At one point, Mr Murdoch suggested that longtime Fox News vice president Bill Sammon should be “[let] go right away” – despite the network’s accuracy on the Arizona call – to send “a big message with Trump people,” according to court documents.

Mr Sammon, the network’s senior vice president and managing editor in Washington, announced his retirement in January 2021.

Weeks earlier, in a 19 November 2020 email to an associate, Mr Murdoch wrote that Mr Trump’s “stupid and damaging” fraud claims made him “increasingly mad” and a “danger” as president.

“Apparently not sleeping and bouncing off walls! Don’t know about Melania, but kids no help,” Mr Murdoch wrote.

Protesters demonstrate outside Fox News headquarters in New York on 28 Februrary.
Protesters demonstrate outside Fox News headquarters in New York on 28 Februrary. (EPA)

The revelations prompted a pair of progressive groups to file civil complaints with the Federal Elections Commission, arguing that the Fox chairman’s communications amounted to illegal contributions to the Trump campaign.

Filings from a pair of progressive groups with the Federal Election Commission argue that Fox Corporation made illegal contributions to the Trump campaign by providing otherwise non-public information outside of its ostensible function as a media company.

Maximum penalties for such violations could include five-year prison sentences and financial penalties up to 200 per cent of the value of the contribution, according to progressive campaign finance reform group End Citizens United PAC.

The group’s filing argues that Mr Murdoch’s communication with Mr Kushner “constitutes a corporate contribution, which – because Fox was not acting with a legitimate press function – is a violation of federal law.”

“This was not only unethical behavior by Rupert Murdoch and Fox, it is also a clear violation of the law designed to tip the scales of a presidential election,” End Citizens United president Tiffany Muller said in a statement.

“She price tag for such information cannot be quantified,” she added. “It very well could have tilted the results of the election.”

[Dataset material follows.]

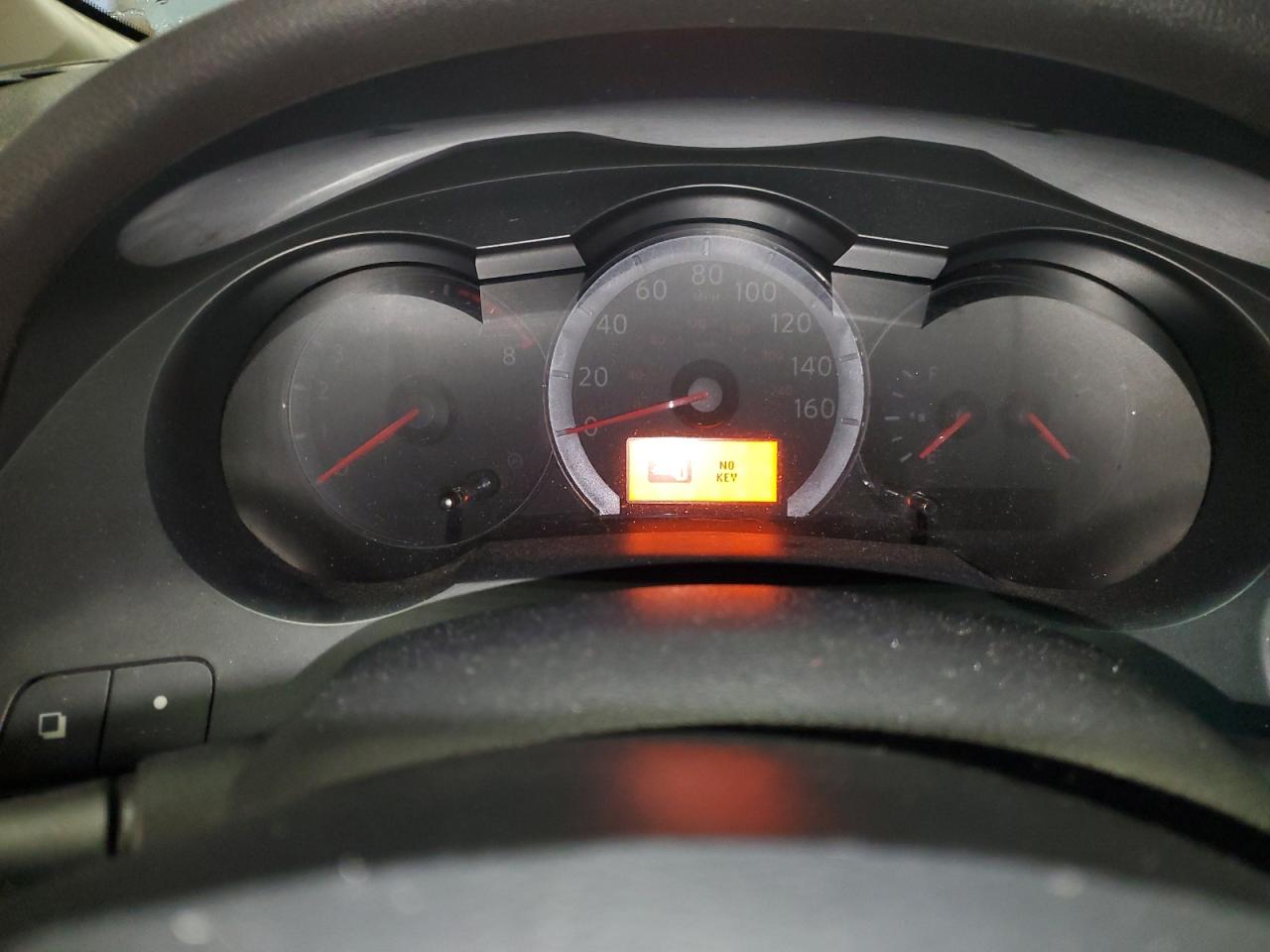2011 Nissan Altima - Image 9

Media Matters, a left-leaning right-wing media watchdog group, argued in its filing with the FEC that Fox Corporation was “not acting as a press entity” when Mr Murdoch provided Mr Trump’s campaign with Biden adverts.

The group argues that Mr Murdoch’s actions fail the FEC’s two-factor test to determine whether Fox was acting within a legitimate press function.

“First, the Biden advertisements had not aired at the time that Murdoch provided information about it to the Committee and, therefore, the material was not available to the general public,” Media Matters argues.

“Second, Murdoch provided the Biden advertisements and information to the Committee through a private, and secret, direct communication,” the filing added. “This ‘distribution’ is diametrically opposed to Fox Corporation’s regular press activity broadcasting news programming through television and radio outlets and online publications.”

Mr Murdoch’s “secret conveyance” with Mr Kushner “is even less like press activity than a cablecasting company sending campaign flyers in its bills – and neither can be protected by the press exemption,” the group argues.

“Fox Corporation cannot try to exploit the press exemption to avoid the consequences of making an illegal corporate in-kind contribution,” the filing states.

A spokesperson for Fox has argued that Dominion has “cherry-picked” out-of-context statements to assemble its case.

“Dominion’s lawsuit has always been more about what will generate headlines than what can withstand legal and factual scrutiny, as illustrated by them now being forced to slash their fanciful damages demand by more than half a billion dollars after their own expert debunked its implausible claims,” according to statement from a Fox spokesperson to The Independent.

“Their summary judgment motion took an extreme, unsupported view of defamation law that would prevent journalists from basic reporting and their efforts to publicly smear Fox for covering and commenting on allegations by a sitting President of the United States should be recognized for what it is: a blatant violation of the First Amendment,” the statement added.